We pause briefly to consider Finlandia Hall (closed at the weekend), admiring not just the white bulk but also the seriously cool space age standard lamps that light our way around the exterior. Circumventing the expanse of water, we stop for a short but speedy vertical ride up the space rocket tower in the 1952 Olympic Stadium. It’s not Aalto, but high enough to make the knees weak. It screams modernity like Dan Dare’s spacecraft. Taking a stroll through some pleasant gardens takes us into the Helsinki ‘burbs’ and the main reason we have come here, Alvar Aalto’s house and studio, where architecture and design (much of it completed by wife Aino) coalesce into a museum of all things bright, beautiful and achingly modern.
The exterior ticks as many modernist boxes as you would care to mention. Irregular flat roof structures, mixed man-made and natural materials, supporting columns and seriously large windows all make this, if not an archetype, certainly a fine example of what can be achieved in domestic architecture.
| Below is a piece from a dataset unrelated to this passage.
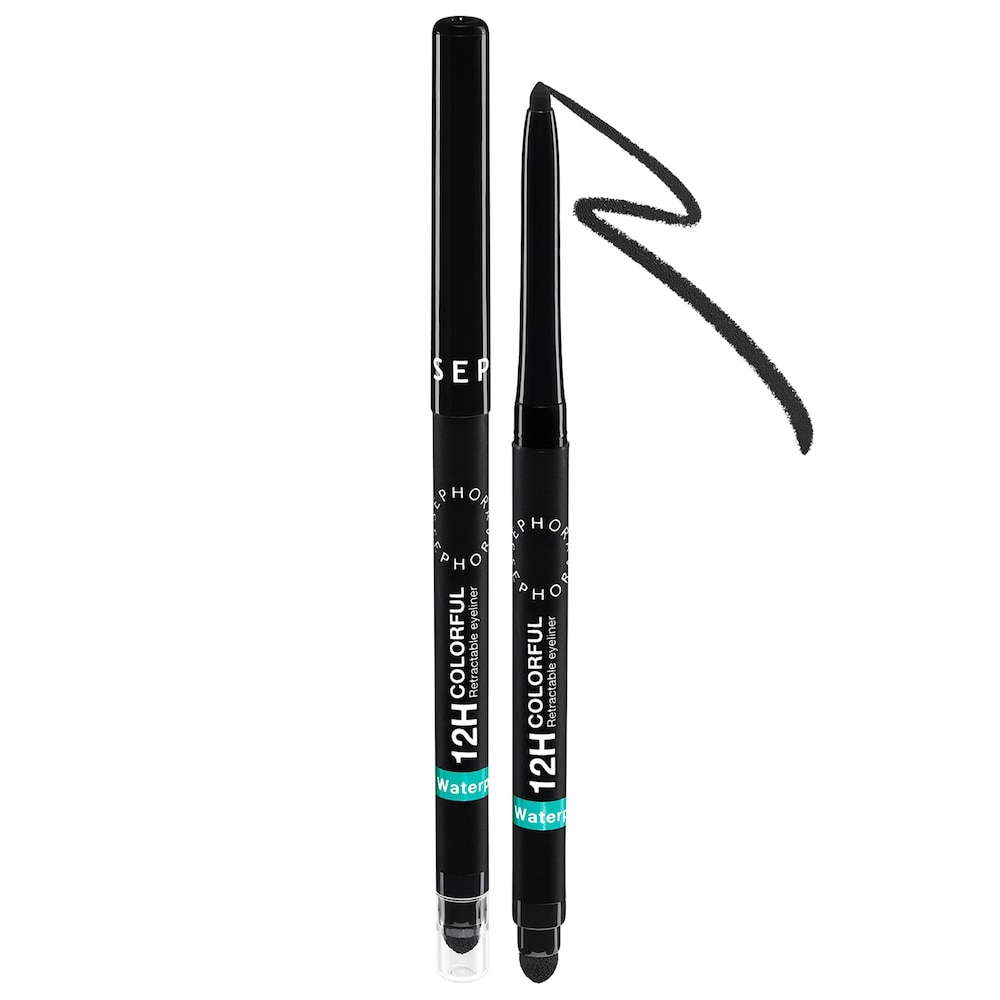 Sephora Collection 12H Colorful Waterproof Retractable Eyeliner — 01 Matte Black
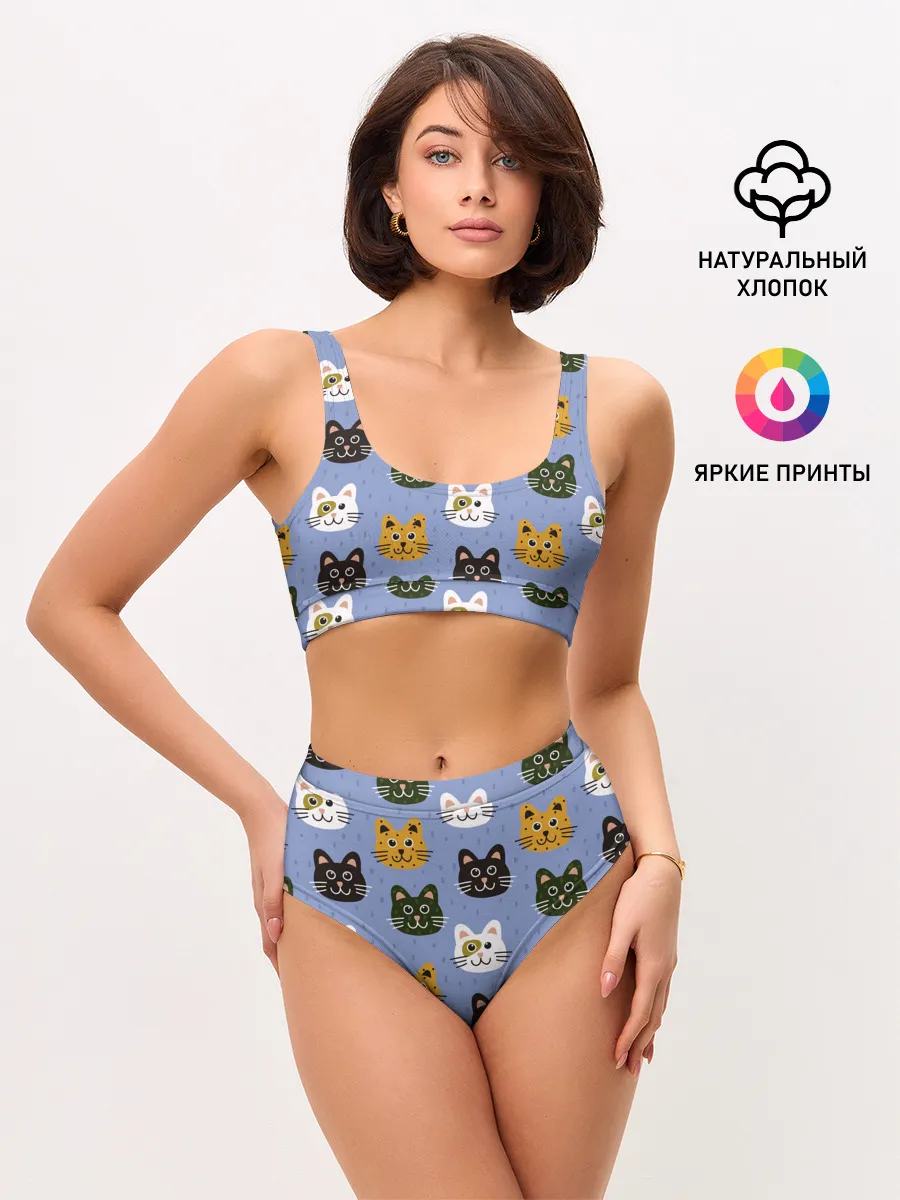 Женские топ и трусы / Котики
It’s not a mansion by any means and the relatively modest scale is really pleasing because you’re looking at a house that anyone can live in, not the dream of some rich person with more bathrooms than you can shake a loofah at. A terribly handsome young man appears, as if from nowhere, to invite us in. It’s like the coolest ever episode of Mr Benn.
Looking at the bent wood, zebra upholstery and flying saucer lightshades I have to remind myself that this house was built in 1936, a good stretch before what one might call mid-century but so much of the interior looks anything but dated. The other guests on the tour whisper words like supplicants in church, intoning the names of deities: Poulsen, Calder, Le Corbusier. The only thing that looks old-fashioned is the Metropolis-style space-age ashtray, now an unused relic of forgotten, unhealthier times. I want to live here ensconced and never go out again but in a far too short hour we are ushered out, replete with good feelings.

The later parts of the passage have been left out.